HOW TO COMPLETE THIS TASK: Your response should reproduce every line of the entries that contains the word "Photo".

RECORDS TO USE:
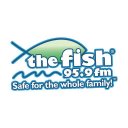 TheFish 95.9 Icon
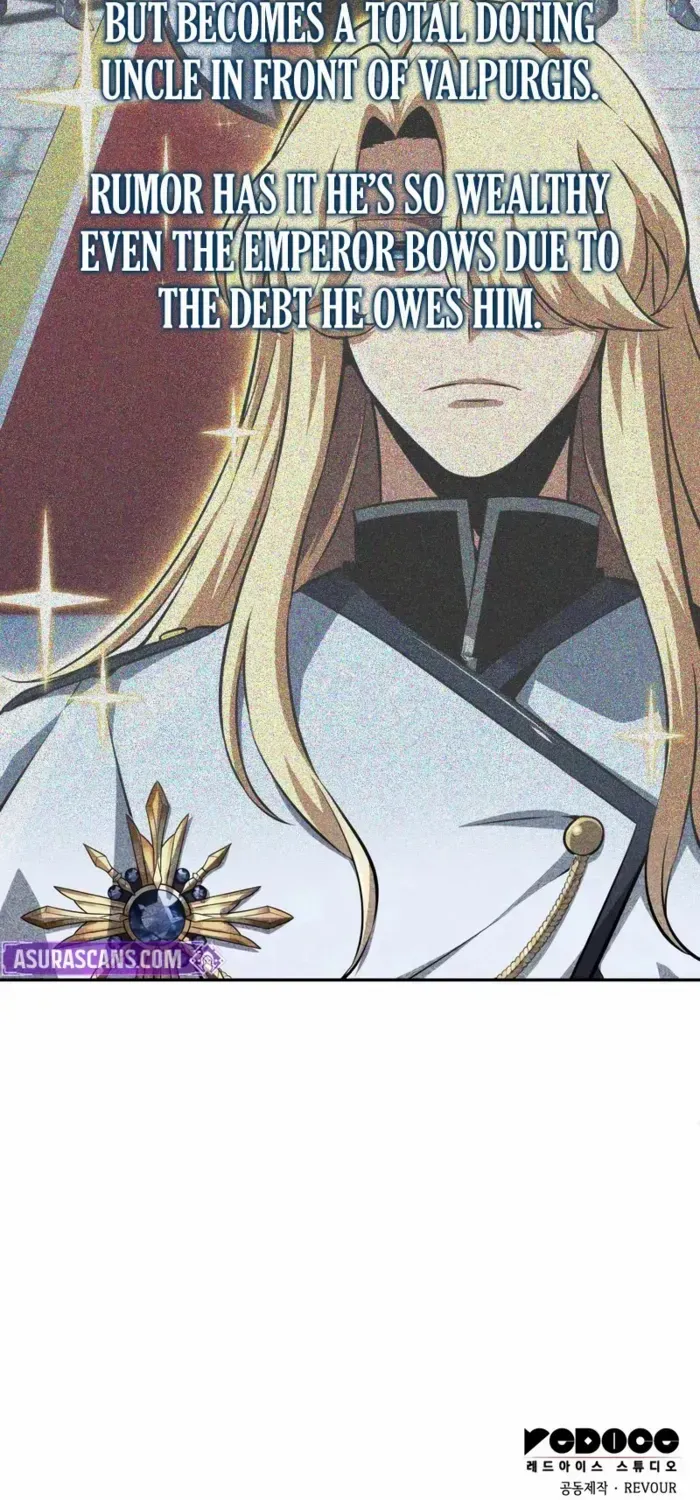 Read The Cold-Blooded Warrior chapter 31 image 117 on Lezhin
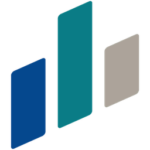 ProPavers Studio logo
--
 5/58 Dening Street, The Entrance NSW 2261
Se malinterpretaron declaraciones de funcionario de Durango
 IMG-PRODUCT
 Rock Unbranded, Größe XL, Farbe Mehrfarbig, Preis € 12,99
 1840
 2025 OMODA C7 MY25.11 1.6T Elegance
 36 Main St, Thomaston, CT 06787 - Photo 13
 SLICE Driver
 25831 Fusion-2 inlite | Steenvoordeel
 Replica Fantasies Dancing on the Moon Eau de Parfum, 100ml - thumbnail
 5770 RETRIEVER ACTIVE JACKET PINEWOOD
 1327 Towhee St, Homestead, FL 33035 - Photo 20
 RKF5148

WRITTEN SOLUTION:
 36 Main St, Thomaston, CT 06787 - Photo 13
 1327 Towhee St, Homestead, FL 33035 - Photo 20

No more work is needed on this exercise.